Não se trata somente de fazê-lo sair logo do Planalto, uma tarefa da maioria do povo, de todos os cidadãos do Brasil. Não se trata somente de levá-lo aos tribunais brasileiros e internacionais. É além disso. Trata-se de destruir o governo Bolsonaro. É um imperativo, um dever de consciência.
Eis uma das razões. Olhem o que fala a besta do fascismo no Itamaraty, quando participou de uma formatura do Instituto Rio Branco na quinta-feira, e criticou o escritor e diplomata João Cabral de Melo Neto, escolhido como patrono da turma:
“A utopia de João Cabral, esse comunismo brasileiro de que alguns ainda estão falando até hoje, consistia em substituir esse Brasil sofrido, pobre e problemático por um não-Brasil, um Brasil sem patriotismo”
Mas o que era mesmo a utopia de um dos maiores poetas brasieliros? Numa de suas lições isto:
“Um galo sozinho não tece uma manhã:
ele precisará sempre de outros galos.
De um que apanhe esse grito que ele
e o lance a outro; de um outro galo
que apanhe o grito de um galo antes
e o lance a outro; e de outros galos
que com muitos outros galos se cruzem
os fios de sol de seus gritos de galo,
para que a manhã, desde uma teia tênue,
se vá tecendo, entre todos os galos”.
Mas o excremento fascista no Itamaraty aproveitou a solenidade e cometeu mais este jato:
“Sim, o Brasil hoje fala de liberdade através do mundo. Se isso faz de nós um pária internacional, então que sejamos esse pária, que sejamos esse severino que sonha e essa severina que reza”.

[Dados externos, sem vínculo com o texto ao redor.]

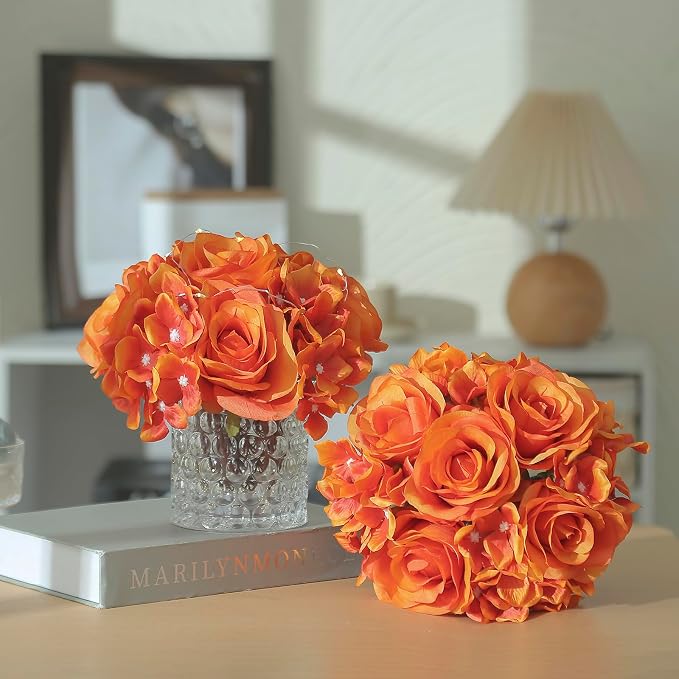 Rose Silk Flower Arrangement Artificial Vivid Rose in Glass Vase with LED Light Elegant Centerpiece for Home Wedding Bathroom Table Shelf Decoration (Orange)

Essa é uma infâmia primeiro à poesia, segundo a João Cabral de Melo Neto, terceiro à inteligência e honra nacional. O Severino universal do poeta é outro, diferente em tudo das trevas no poder:
“— Seu José, mestre carpina,
e em que nos faz diferença
se acabamos naufragados
num braço do mar miséria?
*
— Severino, retirante,
muita diferença faz
entre lutar com as mãos
e abandoná-las para trás….
*
— Seu José, mestre carpina,
que lhe pergunte permita:
há muito no lamaçal
apodrece a sua vida?
e a vida que tem vivido
foi sempre comprada à vista?
*
— Severino, retirante,
sou de Nazaré da Mata,
mas tanto lá como aqui
jamais me fiaram nada:
a vida de cada dia
cada dia hei de comprá-la”
Mas para o fascista no Itamaray o Brasil e Severinos devem ser:
“Na ONU, que teria sido, que foi fundada no princípio da liberdade, mas que a esqueceu. Sim, o Brasil hoje fala de liberdade através do mundo. Se isso faz de nós um pária internacional, então que sejamos esse pária”
Por isso retornamos: é preciso destruir o governo Bolsonaro. Então esclareço o modo como esse alto e necessário imperativo de consciência pode ser realizado: é preciso destruir a ideologia fascista, é preciso destruir a ordem e moral fascista, é preciso lutar sem tréguas ou quartel, em todas as tribunas, em todas as escolas, jornais, televisão, rádio, conversas íntimas, conversas públicas, nas ruas, em casa, no campo e na cidade. O mal que está no Planalto é um câncer que contamina e se propaga em metástase no seio do povo brasileiro. É preciso destruí-lo como a nossa mais nobre e urgente tarefa. As perguntas que caem sobre nós são estas:
- És um escritor?
- És um poeta?
- És um professor?
- És um músico, um cineasta, um jornalista, um pintor, um artista de teatro?
Se respondermos “sim”, devemos então responder à pergunta seguinte:
- És um homem?
- Sim.
Então este é o nosso caminho: destruir o governo Bolsonaro. De todas as formas, conteúdos e maneiras. Ou não poderemos sequer olhar a altura da nossa civilização. Ou não seremos dignos destes versos:
“— Severino retirante,
deixe agora que lhe diga:
eu não sei bem a resposta
da pergunta que fazia,
se não vale mais saltar
fora da ponte e da vida;
nem conheço essa resposta,
se quer mesmo que lhe diga;
é difícil defender,
só com palavras, a vida,
ainda mais quando ela é
esta que vê, severina;
mas se responder não pude
à pergunta que fazia,
ela, a vida, a respondeu
com sua presença viva.
E não há melhor resposta
que o espetáculo da vida:
vê-la desfiar seu fio,
que também se chama vida,
ver a fábrica que ela mesma,
teimosamente, se fabrica,
vê-la brotar como há pouco
em nova vida explodida;
mesmo quando é assim pequena
a explosão, como a ocorrida;
mesmo quando é uma explosão
como a de há pouco, franzina;
mesmo quando é a explosão
de uma vida Severina”.
Que o poeta e sua defesa encarnem uma ação contra a infâmia que chamam de Bolsonaro.